▸ WORK ORDER: Print the lines below from the line with "Радиатор охлаждения двигателя, ориг." to the line with "Arca Oratório 3" exactly, keeping both ends, and print no pictures.

▸ RECORDS SHOWN:
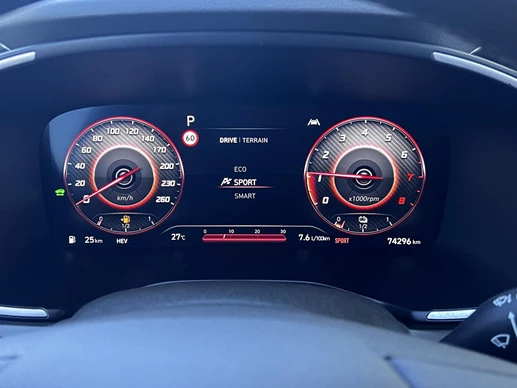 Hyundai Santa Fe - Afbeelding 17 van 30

...

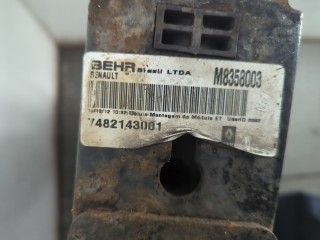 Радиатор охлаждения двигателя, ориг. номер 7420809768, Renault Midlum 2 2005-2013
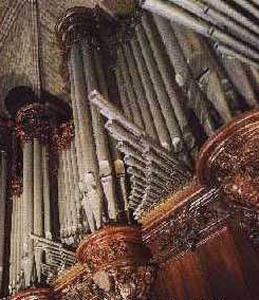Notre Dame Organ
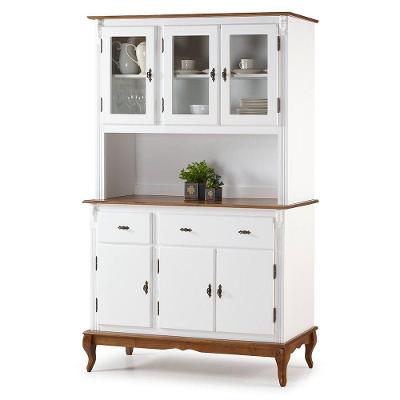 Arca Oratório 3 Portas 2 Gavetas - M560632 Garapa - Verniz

▸ TASK ANSWER:
 Радиатор охлаждения двигателя, ориг. номер 7420809768, Renault Midlum 2 2005-2013
Notre Dame Organ
 Arca Oratório 3 Portas 2 Gavetas - M560632 Garapa - Verniz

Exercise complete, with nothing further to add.